Donald Trump

Court Says People ‘Harboring' Immigrants Shouldn't Fear Law

The 5th U.S. Circuit Court of Appeals on Thursday said there was no "credible threat of prosecution"

Texas landlords and humanitarian workers who rent rooms or help immigrants in the U.S. illegally should not fear prosecution under a "harboring" provision that was part of a 2015 state border security measure, a federal appeals court said Thursday. 

The decision prompted an unusual celebration from both Texas Republican lawmakers — who say they were never going after landlords and shelters in the first place — and a civil rights group that worried the law could sweep up people other than human smugglers and kidnappers.

The disputed portion of the law expanded smuggling to include someone who prompts a person to remain in the U.S. in violation of federal law by "concealing, harboring, or shielding that person from detection." A federal judge last year blocked Texas from enforcing the provision after some landlords and immigrant shelters sued over fears that the wording potentially left them criminally liable.

But the 5th U.S. Circuit Court of Appeals on Thursday said there was no "credible threat of prosecution" and threw out the case. The Mexican American Legal Defense Fund called it reassurance that their clients wouldn't be targeted, while Republicans called the dismissal proof that the lawsuit was frivolous. 

"I see it as a confirmation as what a joke their lawsuit was from day one. Their clients were never a target of the law," said Republican state Rep. Dennis Bonnen, who authored the bill known as HB11.

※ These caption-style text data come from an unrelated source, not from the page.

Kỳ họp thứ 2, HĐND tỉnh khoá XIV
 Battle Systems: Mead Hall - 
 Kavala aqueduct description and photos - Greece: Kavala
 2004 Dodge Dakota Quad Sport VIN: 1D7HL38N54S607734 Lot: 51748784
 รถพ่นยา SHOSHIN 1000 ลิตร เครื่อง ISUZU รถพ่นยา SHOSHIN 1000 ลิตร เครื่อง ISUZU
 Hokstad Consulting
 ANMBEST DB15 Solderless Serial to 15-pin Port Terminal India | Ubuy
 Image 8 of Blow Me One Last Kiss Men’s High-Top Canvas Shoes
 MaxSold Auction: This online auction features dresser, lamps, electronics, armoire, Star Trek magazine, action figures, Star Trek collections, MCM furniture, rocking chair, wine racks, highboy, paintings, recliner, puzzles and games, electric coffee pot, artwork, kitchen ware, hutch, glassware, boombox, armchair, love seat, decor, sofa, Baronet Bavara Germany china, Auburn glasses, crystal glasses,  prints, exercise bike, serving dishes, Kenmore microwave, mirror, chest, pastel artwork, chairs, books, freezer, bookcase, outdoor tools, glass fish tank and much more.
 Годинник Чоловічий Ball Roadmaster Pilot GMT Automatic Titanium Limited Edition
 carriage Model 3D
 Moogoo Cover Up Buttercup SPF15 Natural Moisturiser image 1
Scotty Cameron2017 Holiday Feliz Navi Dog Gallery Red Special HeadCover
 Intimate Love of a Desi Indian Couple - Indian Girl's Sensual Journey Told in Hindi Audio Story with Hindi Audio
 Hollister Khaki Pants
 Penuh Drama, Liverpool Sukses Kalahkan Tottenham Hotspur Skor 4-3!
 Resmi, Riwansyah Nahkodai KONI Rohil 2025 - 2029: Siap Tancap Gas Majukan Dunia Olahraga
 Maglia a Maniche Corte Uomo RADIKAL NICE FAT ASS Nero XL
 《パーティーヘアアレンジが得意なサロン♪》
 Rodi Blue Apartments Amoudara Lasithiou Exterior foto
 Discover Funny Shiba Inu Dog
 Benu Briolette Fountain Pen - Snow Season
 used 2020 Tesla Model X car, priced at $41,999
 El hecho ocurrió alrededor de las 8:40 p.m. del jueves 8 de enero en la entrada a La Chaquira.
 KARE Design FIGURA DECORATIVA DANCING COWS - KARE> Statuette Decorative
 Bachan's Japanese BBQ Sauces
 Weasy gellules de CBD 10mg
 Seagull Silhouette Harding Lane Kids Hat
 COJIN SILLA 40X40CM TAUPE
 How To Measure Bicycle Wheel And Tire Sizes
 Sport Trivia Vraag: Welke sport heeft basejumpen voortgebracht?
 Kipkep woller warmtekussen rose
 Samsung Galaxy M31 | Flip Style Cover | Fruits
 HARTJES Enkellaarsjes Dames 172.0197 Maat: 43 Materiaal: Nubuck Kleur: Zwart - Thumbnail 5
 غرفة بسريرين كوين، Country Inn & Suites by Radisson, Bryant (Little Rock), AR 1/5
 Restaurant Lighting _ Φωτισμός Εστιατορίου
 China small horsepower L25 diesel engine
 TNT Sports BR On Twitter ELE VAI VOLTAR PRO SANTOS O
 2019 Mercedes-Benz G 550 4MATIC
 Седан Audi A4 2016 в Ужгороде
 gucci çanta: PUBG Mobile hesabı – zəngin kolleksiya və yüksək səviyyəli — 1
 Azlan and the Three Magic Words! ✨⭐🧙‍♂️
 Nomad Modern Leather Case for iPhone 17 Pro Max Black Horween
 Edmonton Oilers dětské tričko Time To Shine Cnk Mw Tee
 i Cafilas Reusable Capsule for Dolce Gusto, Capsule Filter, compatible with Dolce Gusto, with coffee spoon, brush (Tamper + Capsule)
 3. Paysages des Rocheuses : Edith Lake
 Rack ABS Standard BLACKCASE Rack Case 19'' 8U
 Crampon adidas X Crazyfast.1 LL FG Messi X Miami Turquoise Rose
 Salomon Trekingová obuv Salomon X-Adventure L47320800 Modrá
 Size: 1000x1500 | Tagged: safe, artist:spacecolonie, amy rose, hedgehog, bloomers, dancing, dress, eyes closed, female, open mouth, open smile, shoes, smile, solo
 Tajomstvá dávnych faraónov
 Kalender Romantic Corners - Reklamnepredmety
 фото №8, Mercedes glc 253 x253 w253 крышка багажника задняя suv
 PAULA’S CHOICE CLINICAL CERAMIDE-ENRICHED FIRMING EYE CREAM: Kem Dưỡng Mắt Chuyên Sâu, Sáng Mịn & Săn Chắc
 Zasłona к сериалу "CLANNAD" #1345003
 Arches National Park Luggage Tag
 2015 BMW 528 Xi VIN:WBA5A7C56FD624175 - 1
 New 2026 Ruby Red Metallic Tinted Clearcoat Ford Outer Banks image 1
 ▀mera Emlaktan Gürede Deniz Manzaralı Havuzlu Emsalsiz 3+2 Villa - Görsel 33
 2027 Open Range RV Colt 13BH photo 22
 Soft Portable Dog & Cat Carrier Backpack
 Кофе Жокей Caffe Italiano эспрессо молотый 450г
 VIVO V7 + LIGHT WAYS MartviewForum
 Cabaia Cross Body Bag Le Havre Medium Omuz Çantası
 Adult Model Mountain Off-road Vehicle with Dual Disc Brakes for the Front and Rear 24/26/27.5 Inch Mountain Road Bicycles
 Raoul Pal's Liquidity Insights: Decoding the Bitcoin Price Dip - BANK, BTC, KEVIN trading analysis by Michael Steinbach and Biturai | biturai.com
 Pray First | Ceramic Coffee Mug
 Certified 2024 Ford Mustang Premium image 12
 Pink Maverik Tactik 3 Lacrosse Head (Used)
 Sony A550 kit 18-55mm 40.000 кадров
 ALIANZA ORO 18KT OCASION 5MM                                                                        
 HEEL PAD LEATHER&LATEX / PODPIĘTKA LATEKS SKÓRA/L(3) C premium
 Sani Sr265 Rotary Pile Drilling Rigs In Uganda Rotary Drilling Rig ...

That bill is best known for deploying hundreds of additional state troopers, a new spy plane and extra prosecution units to the Texas-Mexico border. Republican Gov. Greg Abbott defended the $800 million price tag by saying that Texas had to act in the face of insufficient border security and immigration patrols by the President Barack Obama's administration.

But despite Republican President Donald Trump's promises to build a wall along the entire 2,000-mile U.S.-Mexico border, Abbott and other GOP leaders say they're not necessarily prepared yet to decrease border security spending. That's even though Texas lawmakers now face a state budget crunch because of a prolonged oil slump.

The "harboring" provision was the most hotly disputed portion of the bill in 2015. Critics say the lawsuit could have been avoided if Texas Republicans had narrowed the language or done away with it entirely, calling the anti-smuggling provision redundant anyway under federal immigration law. Bonnen disputed that, saying the Texas law captures individual offenders that federal agents won't pursue.

"It seemed that Texas was trying to go after folks that were immigrants," said Nina Perales, an attorney for the Mexican American fund. "It really left our clients exposed."